Llegados a este punto, ¿qué sentido tiene meter en la cárcel a alguien que, guiado por la compasión y el amor, y sin duda presa de un sufrimiento atroz, decide, ante la petición libre de un enfermo que igualmente sufre y no considera que sus condiciones de vida sean dignas, cooperar en el suicidio de quien desea dejar de vivir? ¿No es acaso un gesto de inmisericordia y de crueldad -por no hablar de hipocresía y de cinismo- anteponer un dogma ideológico o religioso a los deseos legítimos de un individuo, condenándole al sufrimiento y al dolor por no ser capaz de tener una generosidad tal que nos permita entender que una visión de la vida no puede estar por encima de la dignidad de una persona?
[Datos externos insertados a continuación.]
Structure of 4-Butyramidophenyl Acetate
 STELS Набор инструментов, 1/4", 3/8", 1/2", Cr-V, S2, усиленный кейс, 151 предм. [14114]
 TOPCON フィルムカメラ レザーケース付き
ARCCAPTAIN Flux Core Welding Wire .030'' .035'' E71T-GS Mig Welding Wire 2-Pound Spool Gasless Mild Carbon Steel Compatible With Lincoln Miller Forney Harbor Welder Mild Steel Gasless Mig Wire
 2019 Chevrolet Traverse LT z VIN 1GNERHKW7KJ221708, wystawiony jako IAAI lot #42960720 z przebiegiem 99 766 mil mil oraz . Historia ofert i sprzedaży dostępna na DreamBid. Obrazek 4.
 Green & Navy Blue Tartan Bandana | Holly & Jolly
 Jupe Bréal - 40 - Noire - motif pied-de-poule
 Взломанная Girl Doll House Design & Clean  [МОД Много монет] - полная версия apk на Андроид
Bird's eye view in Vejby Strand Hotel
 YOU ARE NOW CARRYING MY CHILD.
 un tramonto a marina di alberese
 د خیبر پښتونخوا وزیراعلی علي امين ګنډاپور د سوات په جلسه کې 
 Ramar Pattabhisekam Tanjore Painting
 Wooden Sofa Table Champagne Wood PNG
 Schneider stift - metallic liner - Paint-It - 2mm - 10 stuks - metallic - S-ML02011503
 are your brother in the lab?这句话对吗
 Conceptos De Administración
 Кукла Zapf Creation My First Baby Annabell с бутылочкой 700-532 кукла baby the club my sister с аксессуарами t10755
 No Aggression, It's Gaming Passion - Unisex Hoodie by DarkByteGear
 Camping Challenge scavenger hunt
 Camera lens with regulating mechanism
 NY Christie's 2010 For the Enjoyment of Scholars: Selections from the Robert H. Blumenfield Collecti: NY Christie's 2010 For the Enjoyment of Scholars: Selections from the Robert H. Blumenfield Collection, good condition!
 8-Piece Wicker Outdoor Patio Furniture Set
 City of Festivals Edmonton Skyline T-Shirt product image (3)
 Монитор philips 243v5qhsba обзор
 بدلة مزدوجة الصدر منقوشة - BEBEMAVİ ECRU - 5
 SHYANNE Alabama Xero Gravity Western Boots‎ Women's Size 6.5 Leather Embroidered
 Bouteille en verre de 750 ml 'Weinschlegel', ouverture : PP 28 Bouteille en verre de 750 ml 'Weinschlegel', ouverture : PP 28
La Pena no se justifica ni desde la Prevención General (pena dirigida a la colectividad para que sus miembros se abstengan de delinquir y, reafirmándose así la legitimidad del sistema legal) ni desde la Prevención Especial (resocializar al sujeto e impedir que vuelva a delinquir) se puede sostener esta postura. El familiar, el amigo o la pareja que ayuda al suicida que expresamente se ha manifestado en este sentido no se trata de un delincuente peligroso que deba ser aislado ni expiar ninguna culpa, ni mucho menos se trata de un sujeto que deba ser readaptado para vivir en sociedad. Se trata, por lo general, de una persona que no ha elegido estar allí y que debe tomar una decisión muy difícil en pos de aliviar el dolor que la persona a quien quiere experimenta. Aunque ello conlleve la muerte. Ni más, ni menos.

 

Como el Aborto, la Prostitución o la Gestación Subrogada, no se trata de una cuestión ideológica, aunque haya quien se empeñe en convencernos de lo contrario.

 

Se trata de que las ideologías y los clichés no deben ser nunca un impedimento para que el Estado reconozca más libertad a los ciudadanos que lo componen. Bajo los argumentos prohibicionistas, lo que se esconde -como se esconde detrás de la oposición al Matrimonio Homosexual- una brutal intolerancia, que no es capaz de darse cuenta de que regular un cauce legal para una opción pueda tener lugar dista mucho de obligar a todo el mundo a llevar a cabo dichas conductas. Despenalizar la Eutanasia no equivale a regular un asesinato en masa, ni legalizar el Matrimonio Homosexual significa obligar a todo el mundo a casarse con alguien de su mismo sexo. Por si hiciera falta, a estas alturas aclararlo.

 

Por eso es imperativo operar una reforma en el Código Penal que despenalice la Cooperación y la Cooperación Ejecutiva al Suicidio (que no así la Inducción, que sí debe ser penada). Si hablamos de Dignidad y de Libertad, hablamos con todas las consecuencias. O no hablamos.